Data extracts —
....

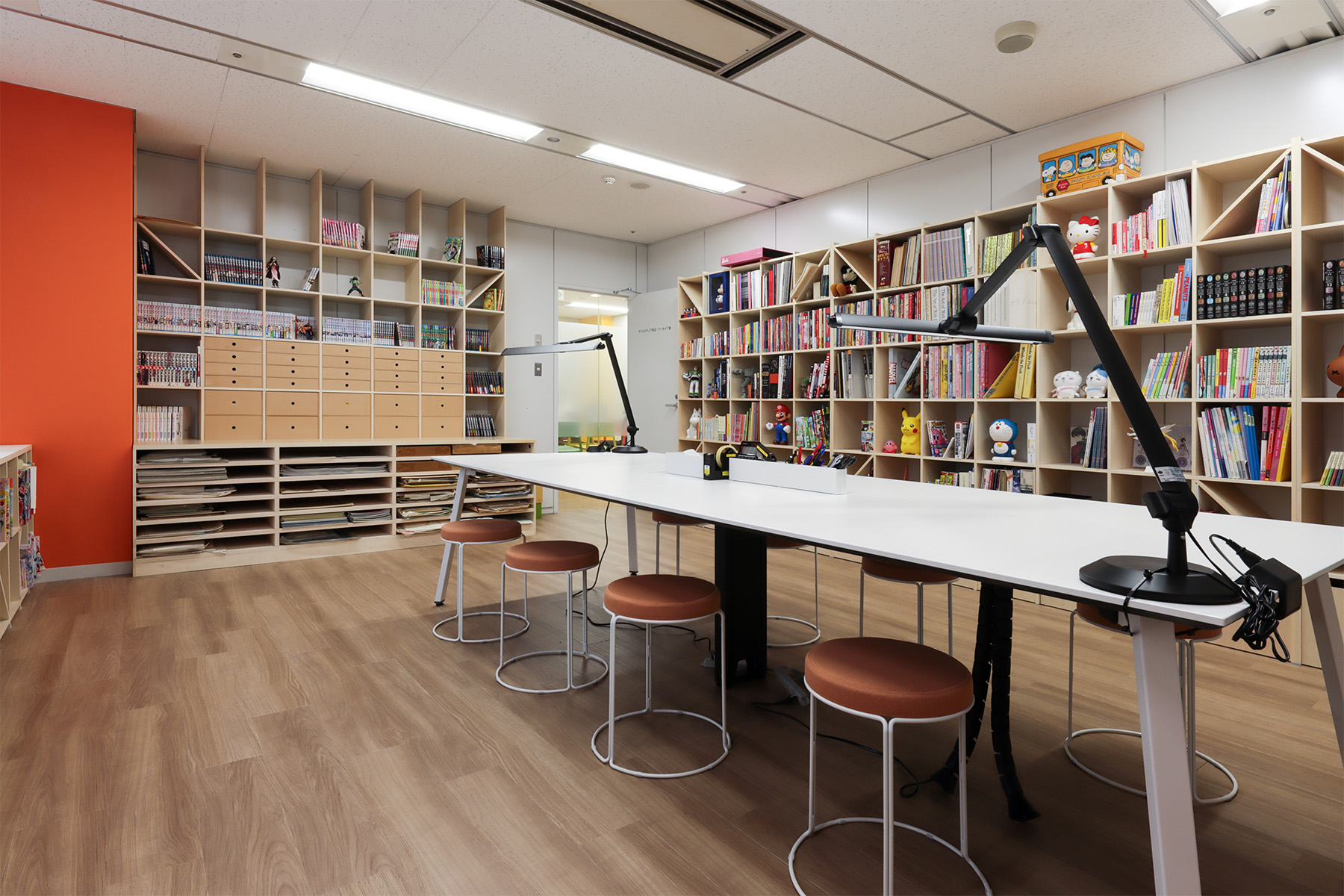 4面を本棚で囲まれた開発室 - Shelf 壁一面の本棚 - マルゲリータお客様事例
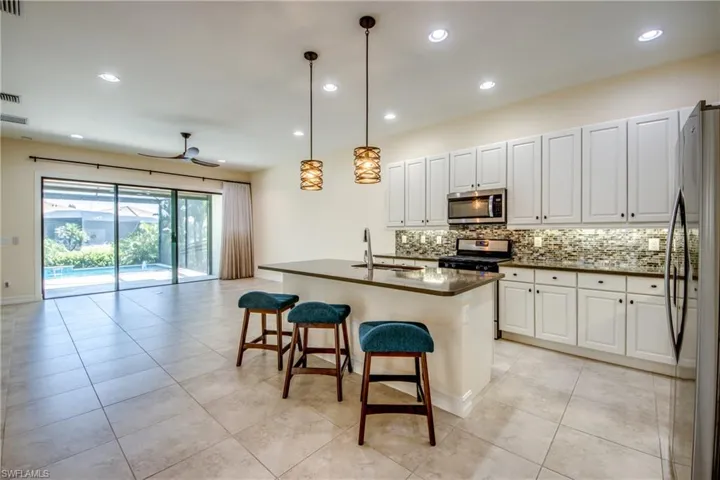 8260 Venetian Pointe Dr, Fort Myers, Florida 33908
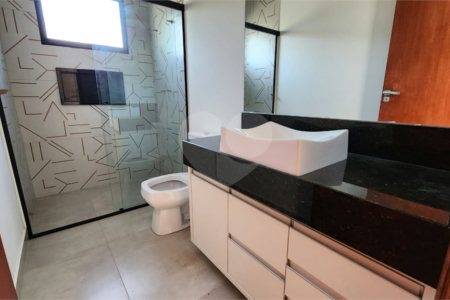 Casa para alugar com 3 quartos, sendo 1 suíte, no condomínio Chácaras Brasil, Atibaia - SP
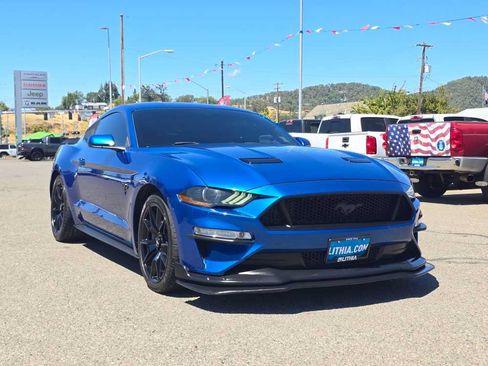 Used 2018 Ford Mustang GT RWD image 7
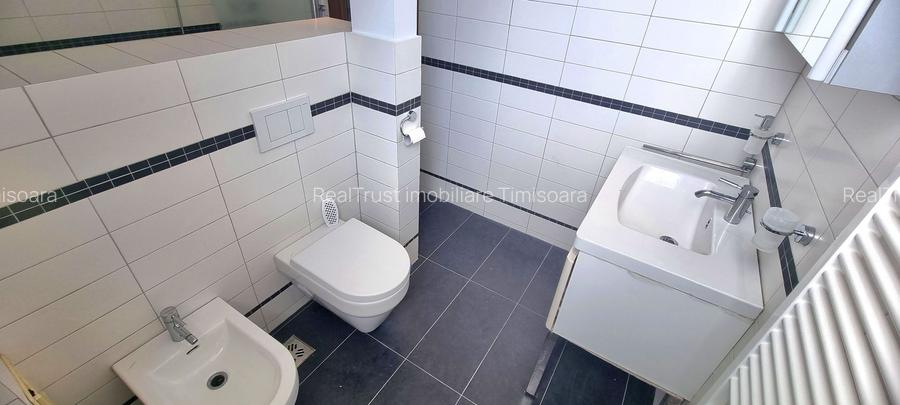 Penthouse zona Universitate, complet mobilat și utilat, terasă mare, bloc NOU - 17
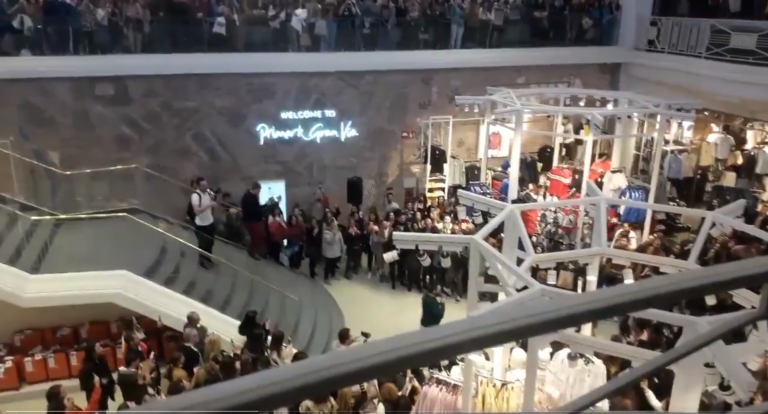 Le pide matrimonio en pleno Primark de Gran Vía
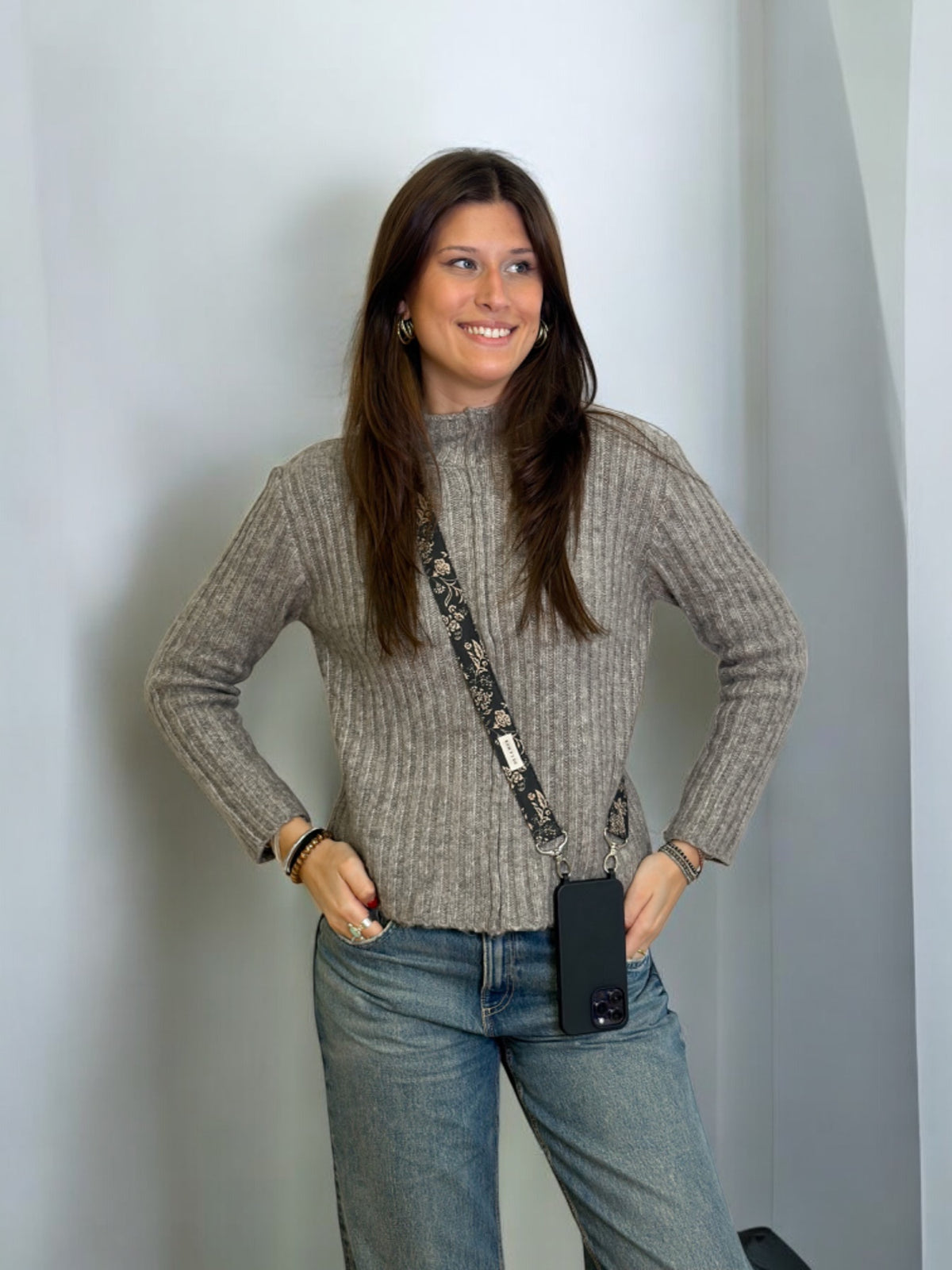 Bolso Elisa, estampado en azul, gris, negro, vista en uso — De La Mur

....

Activity —
Output the listing exactly. Leave out any image.

Expected answer —
 4面を本棚で囲まれた開発室 - Shelf 壁一面の本棚 - マルゲリータお客様事例
 8260 Venetian Pointe Dr, Fort Myers, Florida 33908
 Casa para alugar com 3 quartos, sendo 1 suíte, no condomínio Chácaras Brasil, Atibaia - SP
 Used 2018 Ford Mustang GT RWD image 7
 Penthouse zona Universitate, complet mobilat și utilat, terasă mare, bloc NOU - 17
 Le pide matrimonio en pleno Primark de Gran Vía
 Bolso Elisa, estampado en azul, gris, negro, vista en uso — De La Mur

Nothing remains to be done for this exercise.